Admito francamente que ficámos para trás dos nossos velhos rivais e não discuto a liberdade de cada um (dentro e sobretudo fora do Belenenses) achar que nos devemos resignar ao estatuto de pequenos (o conceito de "médio" no futebol português, é algo que se parece querer evitar a todo o custo). Também tenho que aceitar que jornais, rádios e televisões privados falem do que lhes apeteça e ignorem quem quiserem. Coisa bem diferente, é a escandalosa protecção do Estado, no sentido amplo, a certos clubes. Velha história, embora agravada, que em muito contribuiu para nos afastar da vanguarda - basta ver a maneira como fomos corridos das Salésias, em comparação com as benesses sempre concedidas a Benfica e Sporting.

Mesmo no sector privado, contudo, entendo que há limites: de ética, de basilar respeito e até de ridículo.

No sábado, o Record apresentou o resultado de um inquérito, com esta mimosa pergunta:

"Dos três grandes qual é que vai ser campeão?".

Ou seja, o referido pasquim decretou que só pode ser campeão um dos seus três grandes. A pergunta poderia ser com toda a lógica "quem vai ser campeão"?. Chegava, bastava, era linear e até poupava espaço, algo sempre invocado para não incluir outros concorrentes além dos três metralhas. Mas a sabujice refinou-se nesta arrevesada frase: "dos três, qual é que vai ser...?".

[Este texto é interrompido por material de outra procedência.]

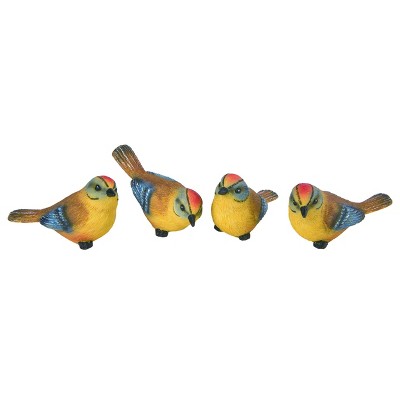 Transpac Small Resin Buttercream Bird Set of 4 Spring Home Decorations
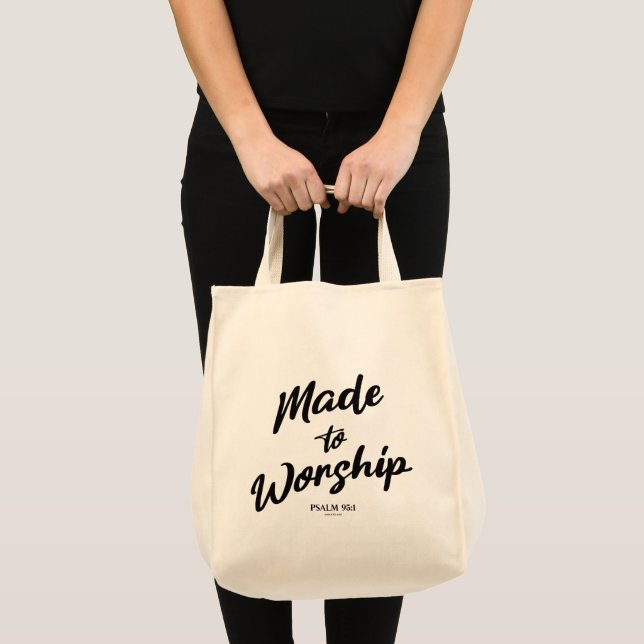 Tote Bag Fabriqué au psaume de culte 95:1 (Devant (produit))
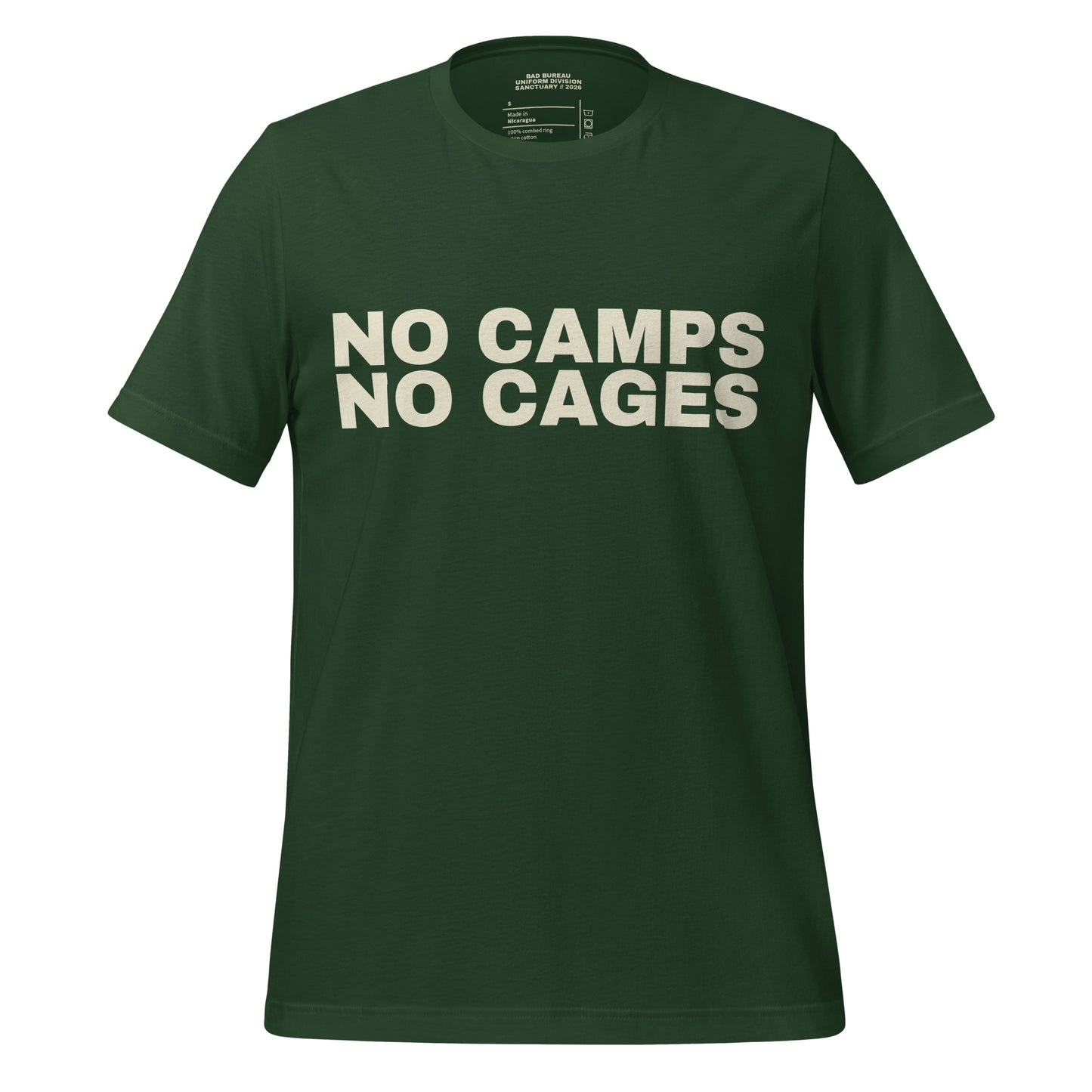 NO CAMPS NO CAGES T-Shirt front view in forest | BAD BUREAU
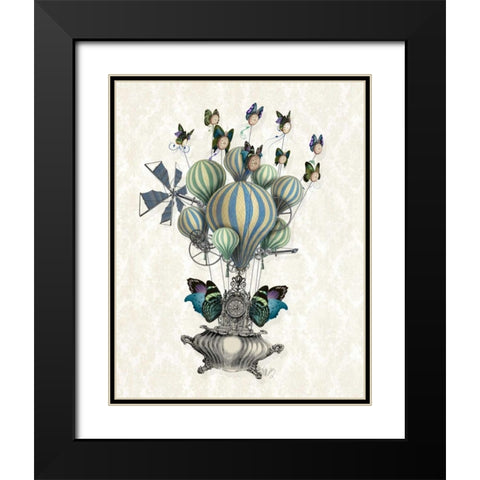 Flutter Time Black Modern Wood Framed Art Print with Double Matting by Fab Funky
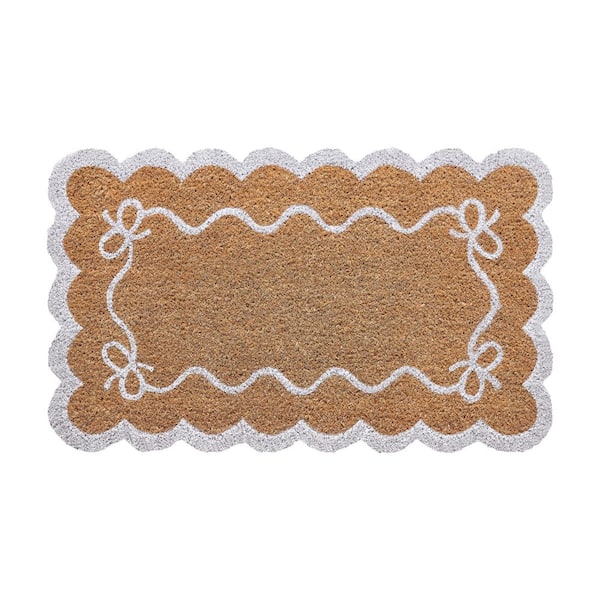 White Ribbon Scalloped Border 18 in. x 30 in. Indoor/Outdoor Coir Door Mat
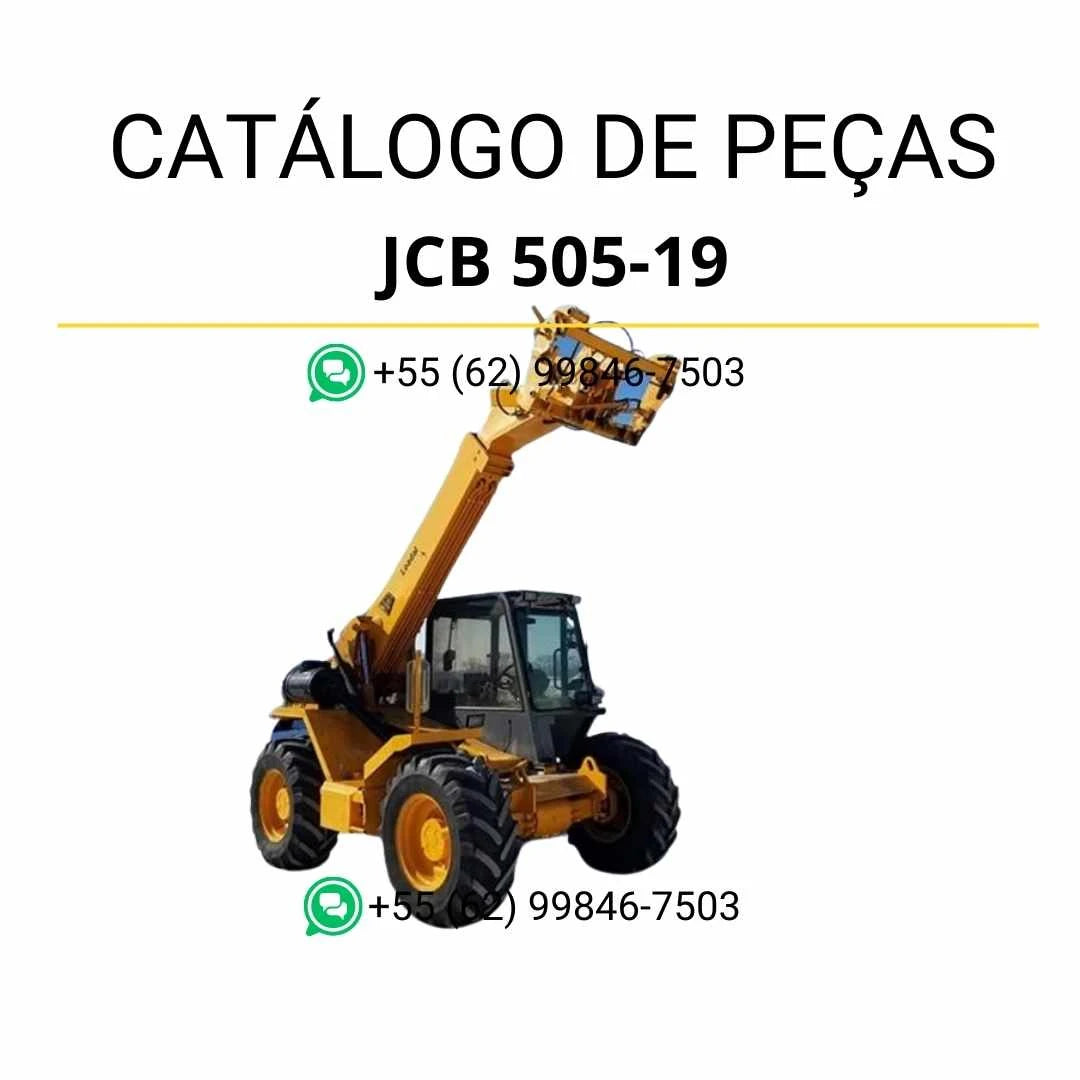 Catálogo de peças JCB 505-19 em PDF para manipuladores telescópicos, com ilustrações técnicas e identificação completa dos componentes originais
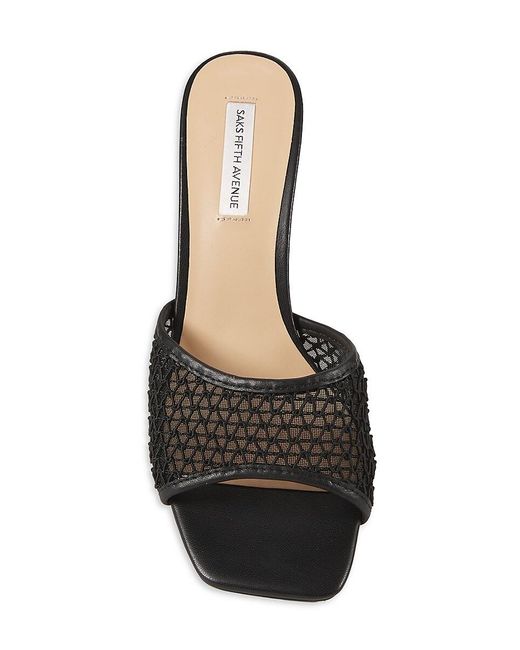 Saks Fifth Avenue Black Gianna 76Mm Mesh Sandals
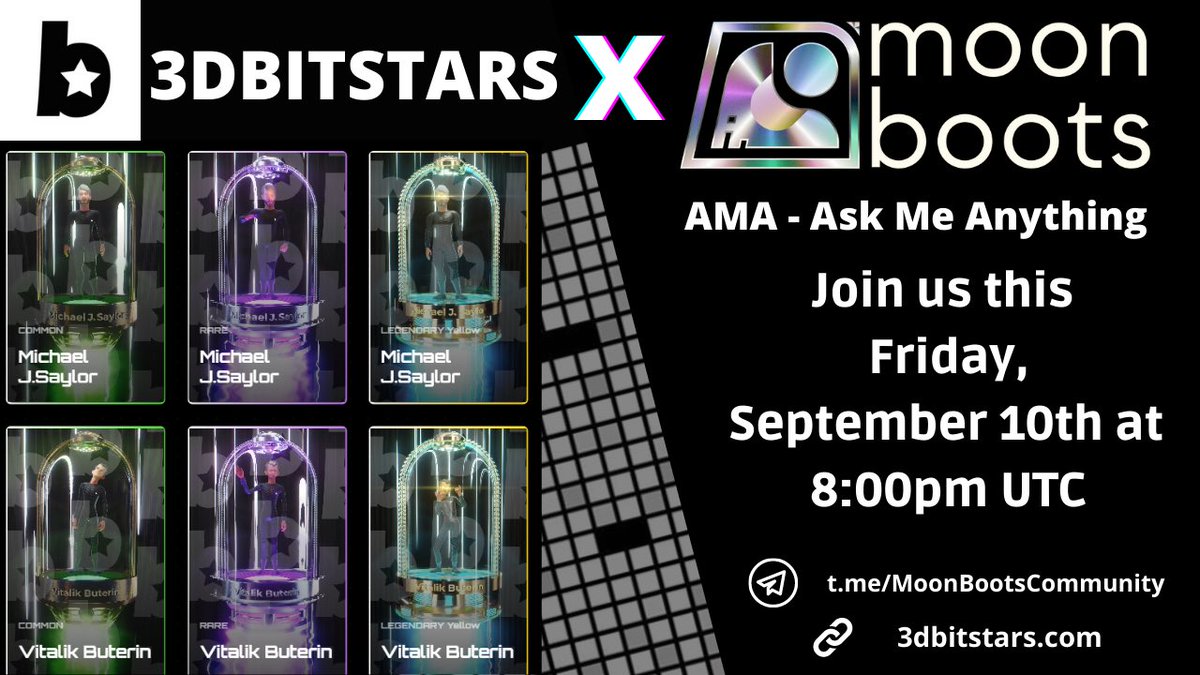 🔔 MoonBoots  #AMA with @3dbitstars 

⏰ FRI SEPT 10 @ 8PM UTC 

🕹 t.me/MoonBootsCommu…

TG: t.me/nftbitstars

Check out all the ways you can win with 3DBITSTARS: gleam.io/QvuPZ/3d-bitst…

#NFT #Crypto #nftart #3D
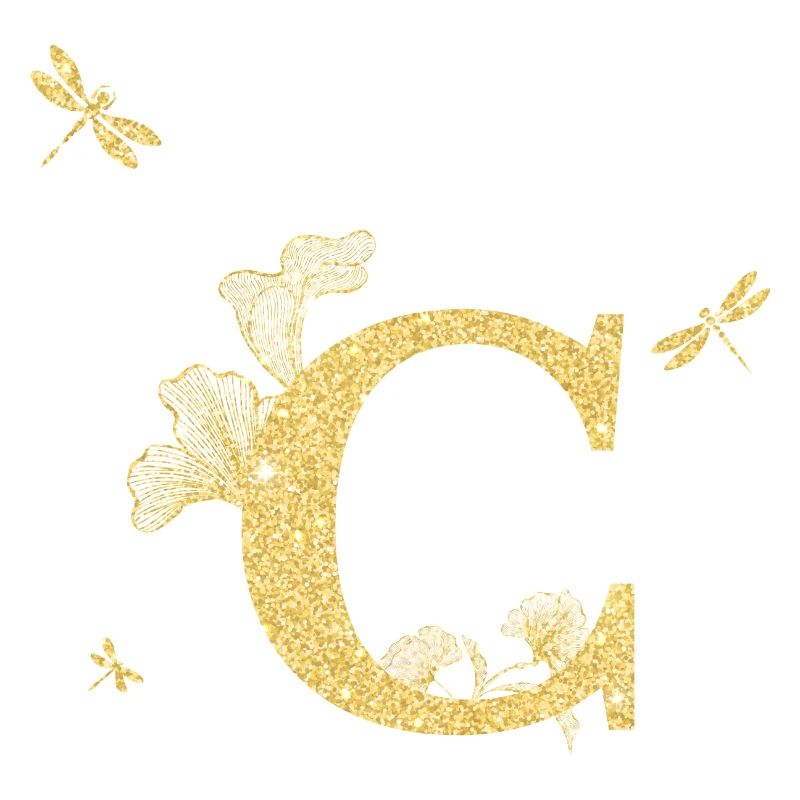Buchstabe c Glitzer Gold Libelle - Geschenkidee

Não espanta que nos comentários do mesmo jornal, onde os adeptos dos rebanhos acéfalos dos três podem defecar tudo quanto lhes dá na gana, incluindo as maiores alarvices, enqaunto observações correctoa de belenenses (e outros, decerto) são censuradas, um benfiquista escreva esta pérola: "O tal puto que era o gozo dos Sportinguistas e saloios do FCP estão a roer as unhas de inveja. Acabou e nem com a ajuda do árbitro conseguiram isolar mais o FCP. Que pena não ter visto o jogo". (não viu o jogo mas sabe que o coitadinho do Benfica foi prejudicado. Depois fala dos outros dois cabeçudos como se fossem o resto do mundo...)
A culminar a semana da capa do Cardozo a telefonar para o papá e de mais um escarro do Fernando Guerra, sinto um verdadeiro NOJO com isto. Não, não me digam que a solução é não ler, não saber, porque eu não quero ignorar o modo como centenas de milhares de portugueses recebem a lavagem diária ao cérebro.

Mas sinto também RAIVA. Raiva de outros clubes não se rebelarem contra isto e, sobretudo, que quem mais tinha o dever e a legitimidade para o fazer, e que é o meu clube, o Belenenses, não denunciar e não lutar de todas as formas contra isto, e até produzir discursos que o aceitam como mais ou menos normal.